◆ **WHAT THE TASK ASKS**: The listing below holds a line with "Hostal Los Arces Hostal Los Arces" and a later line with "Trailer, Cast, etc". Write out those two lines and every line between them, exactly, and nothing else.

◆ **MATERIAL FOR THE TASK**:
_ _ _

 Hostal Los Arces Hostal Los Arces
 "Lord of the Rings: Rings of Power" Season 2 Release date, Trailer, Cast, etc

_ _ _

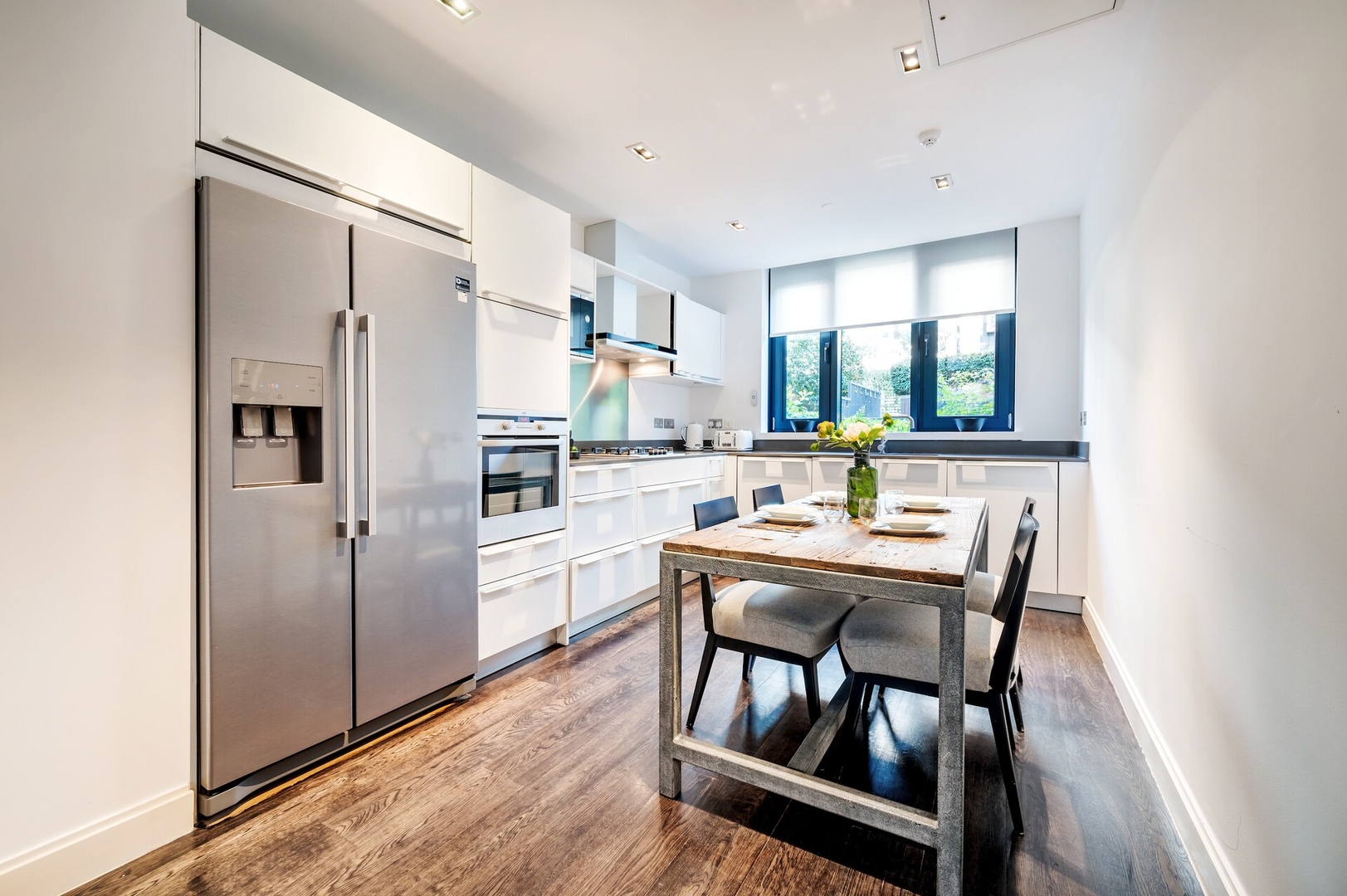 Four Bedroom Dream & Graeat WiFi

_ _ _

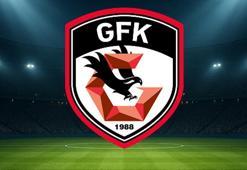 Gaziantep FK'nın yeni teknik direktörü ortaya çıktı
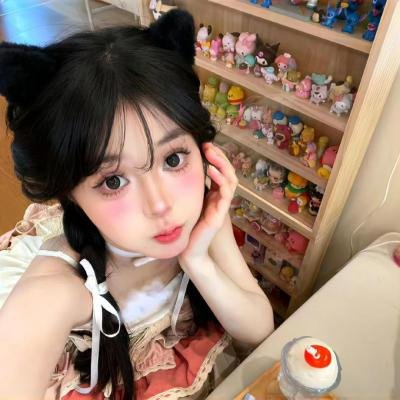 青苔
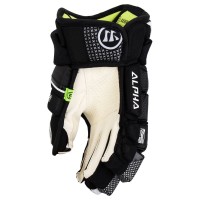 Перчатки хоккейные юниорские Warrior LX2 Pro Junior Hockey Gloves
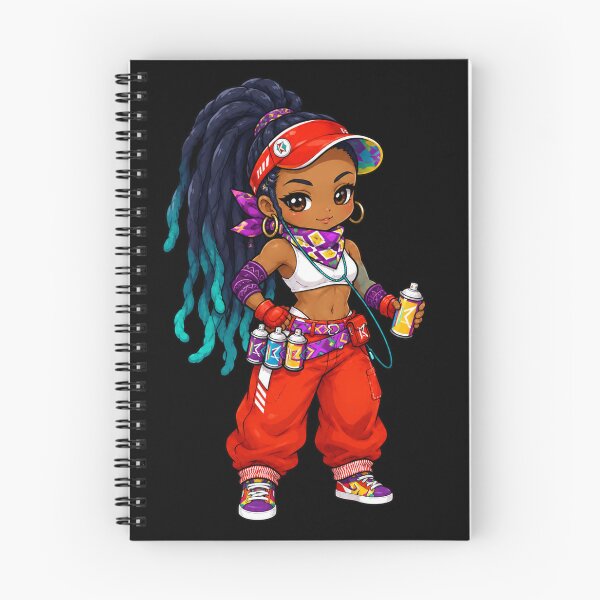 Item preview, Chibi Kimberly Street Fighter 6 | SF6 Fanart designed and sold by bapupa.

_ _ _

◆ **TASK RESULT**:
 Hostal Los Arces Hostal Los Arces
 "Lord of the Rings: Rings of Power" Season 2 Release date, Trailer, Cast, etc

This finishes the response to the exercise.